Nobody ever said implementing global tax reform would be easy, but it may be proving even more difficult than its supporters originally thought. The global tax deal was originally slated for 2023 implementation, but negotiations have been tricky and now the rollout is looking more like 2024—at the earliest. According to the Financial Times, the OECD said the two-pillar plan has “no hope of being implemented in 2023.”  Why not? Getting major countries to agree to a two-pillar plan that taxes companies where they do business as opposed to where they have a physical presence isn’t easy, as individual countries stand to benefit (or not) in unique ways. Pillar One affects only about 100 companies—in large part, U.S. tech giants—and will require a new treaty to come into force. Given that countries haven’t yet come to consensus on what that would include, it’s already too late to meet the original deadline.  

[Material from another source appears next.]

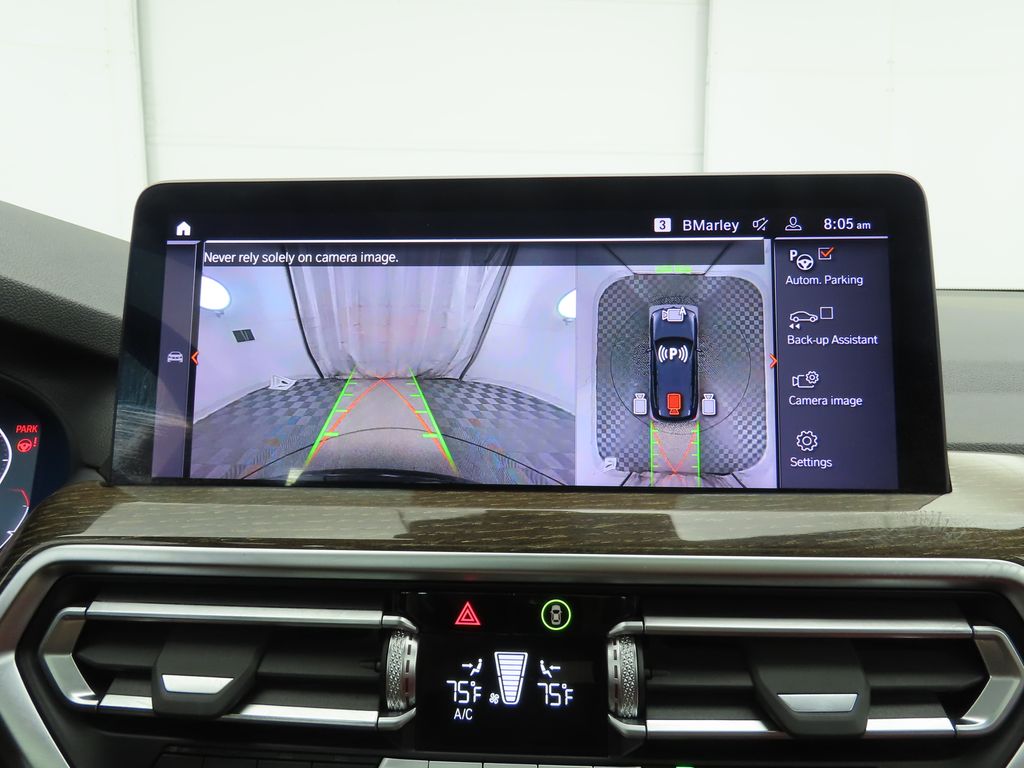 Thumbnail: 2023 BMW X3 - 16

Meanwhile Pillar Two brings about a 15% global minimum tax and the OECD has seen pushback from several countries. The U.S.’ Build Back Better brought tax legislation in line with the OECD’s new reform, but the Senate has yet to pass it. The EU is experiencing problems, too. For the EU to make the global tax plan a directive, it needs a unanimous vote from all member states, but Poland is still holding out wanting assurance that Pillar One and Pillar Two will be rolled out together. We’ll see in 2024.